The map above shows us where Forest Green were positioned as a defensive unit, over the course of the match, based on their defensive actions. Unsurprisingly, they were very active in their own defensive third thanks to Sheffield Wednesday’s second-half onslaught, but they were also very busy in midfield areas. One piece of credit that Forest Green deserve is how they gave away just one foul in the final third – often when teams are defending with their backs to the wall against a possession-dominant side, they give away a high number of fouls. Rovers conceded just five in this tie.
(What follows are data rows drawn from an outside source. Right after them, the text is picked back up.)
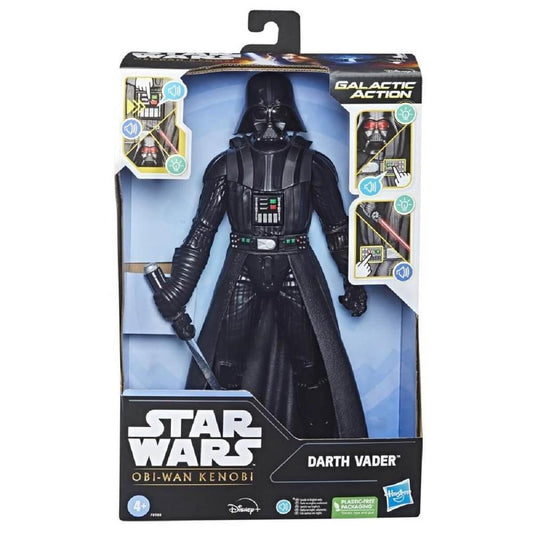 figura-electrónica-hasbro-star-wars-galactic-action-darth-vader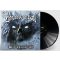 IMMORTAL: War Against All (LP)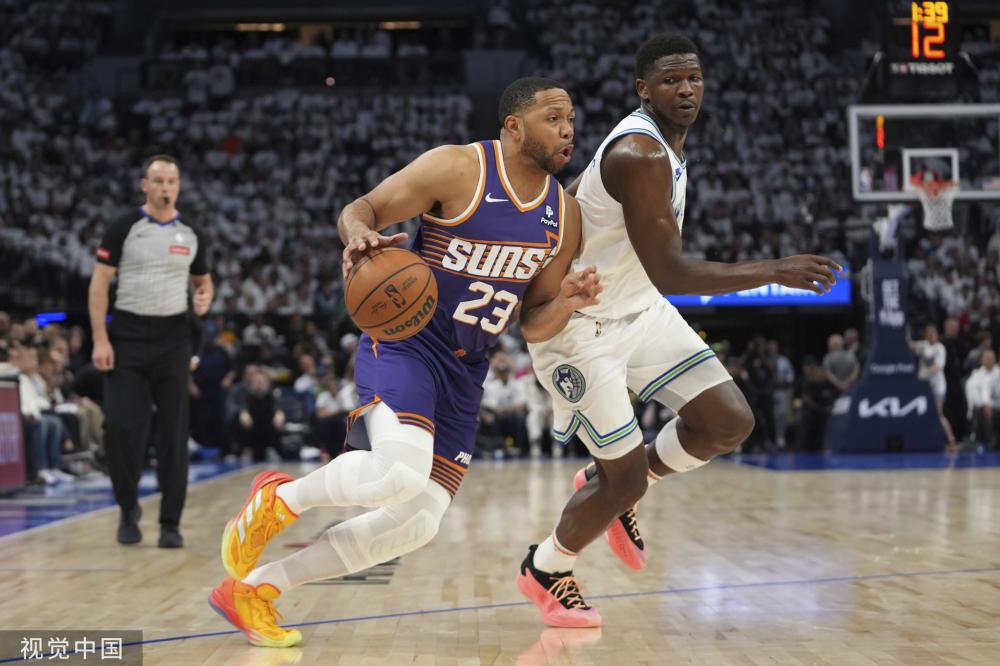 队首发的能 队首发的能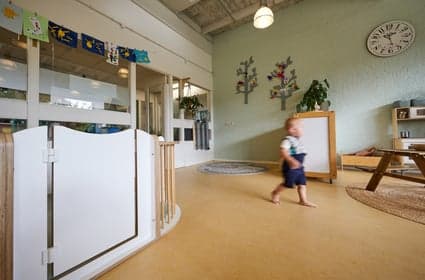 Doomijn kdv Beulakerwiede 3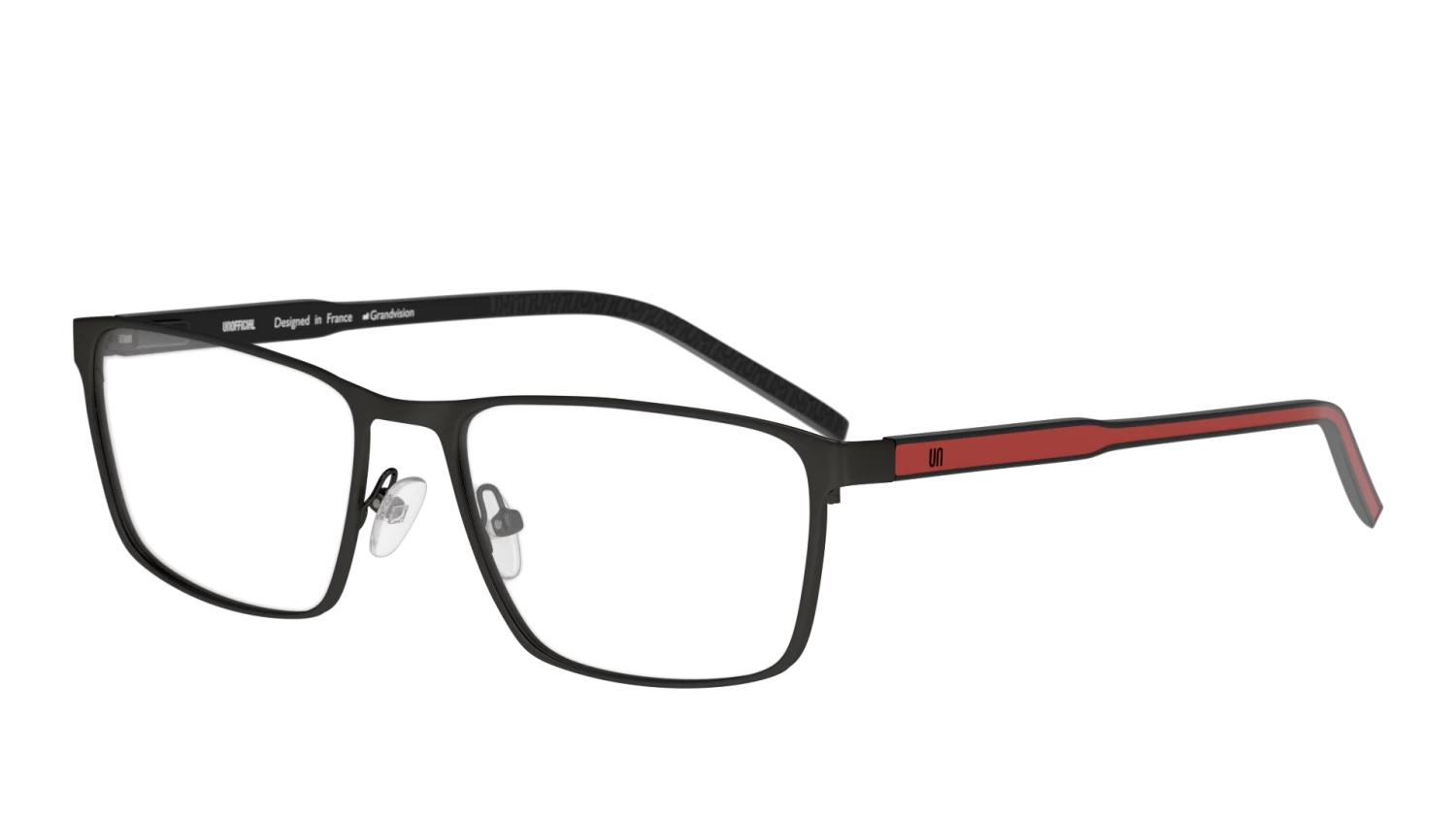 Unofficial UNOM0305 BR0055/17 4 Unofficial UNOM0305 BR0055/17 - Afbeelding 2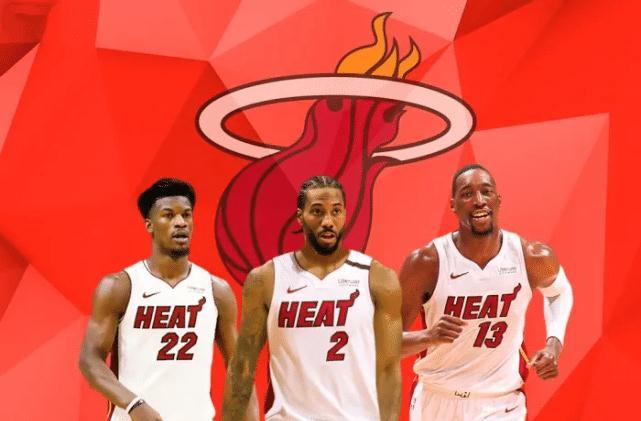 节奏控制 节奏控制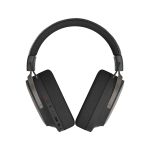 هدست بی سیم گیمینگ ردراگون Arrow H858 مشکی
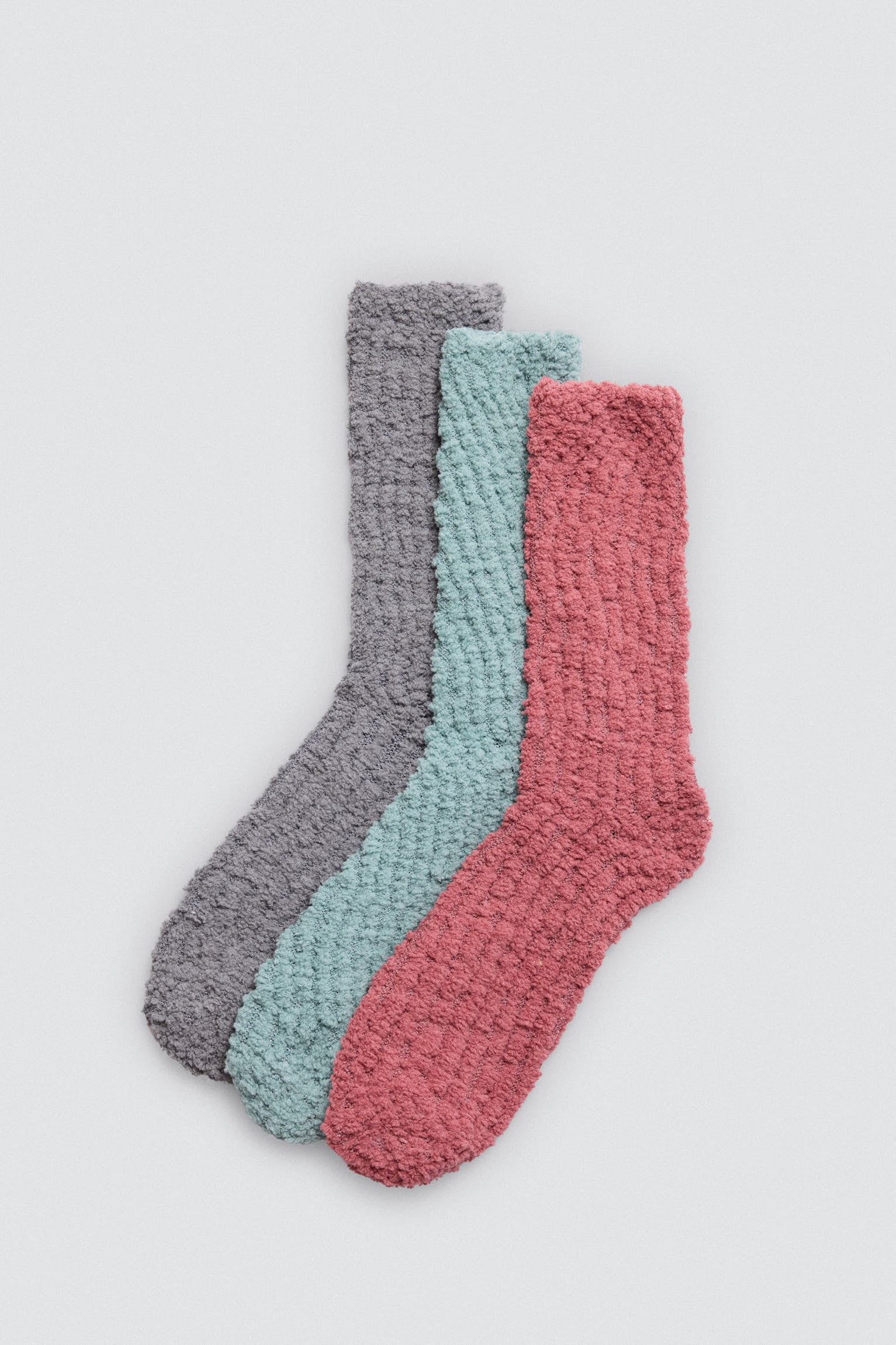12967KIT-1-pack-calcetines-mujer-estampados-ysabel-mora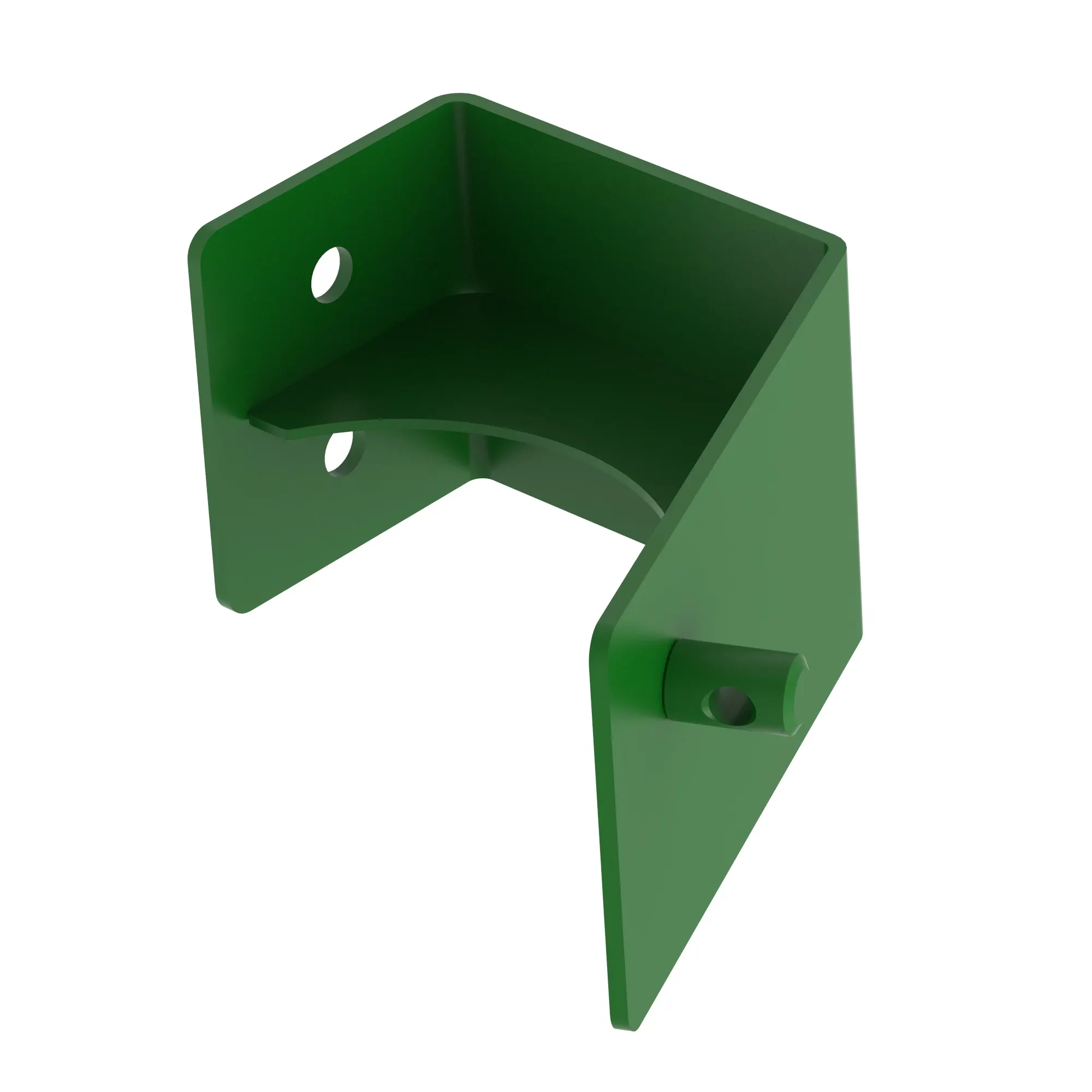 BRACKET, BRACKET, PREMIUM RHS CHOPP
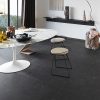 VINIL LVT BLUESTONE DARK 5,0/0,55 MM 23/33/42 DC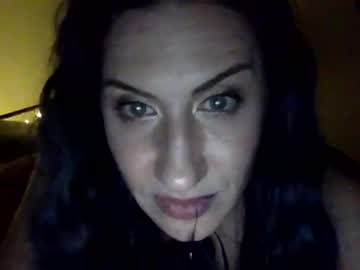 girl
        goddesskatus cam image #1184425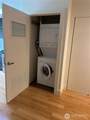 2911 2nd Avenue - Photo 13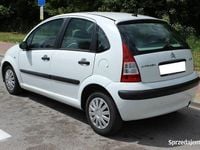 Obraz 3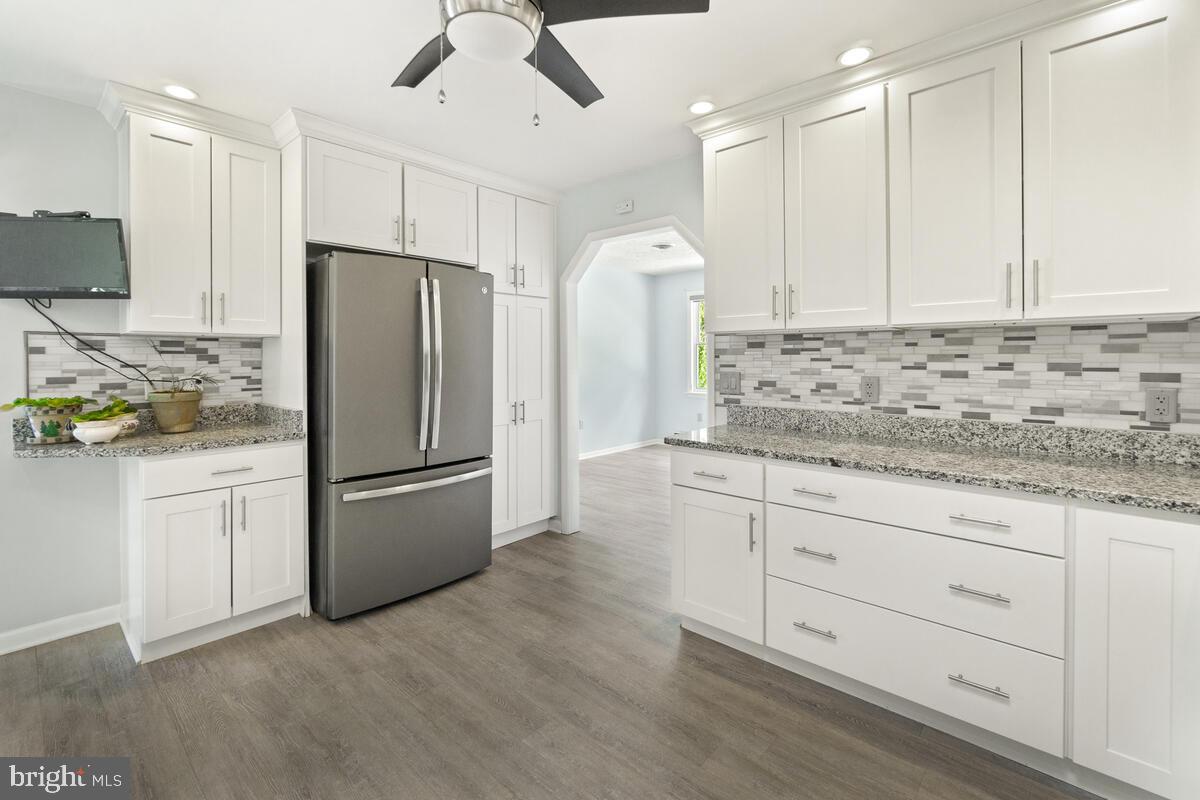 3927 Forrest School Road Smithsburg, MD 21783 - Photo 9 of 45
And this would typically be the shape that we’d see from a defending Forest Green – just deeper and more compact as the game went on and as Wednesday’s attacks became more frequent and intense. The back four operated as you’d expect, and the midfield offered good defensive protection to their back line – the wide midfielder on the flank opposite to the possession would stay wide to mark the Owls wing-back on his side, rather than tucking inside. We would also often see the front two come back to offer their assistance in defence and were tasked with pressing the Wednesday defenders when they had comfortable possession.
This was a mixture of a courageous and fearless performance from Forest Green Rovers, who took their chance very well before proceeding to defend effectively, and a poor performance from a Sheffield Wednesday team that has been on fire with the goals this season.
Wednesday never really got settled in the game, and their play resembled that of a team chasing a goal in the last minute of the game, but for 90 minutes – desperate, with little structure to their play. They will need to dust themselves off before their next fixture against Cheltenham Town, as Ipswich are breathing right down their necks for a place in the automatic promotion spots.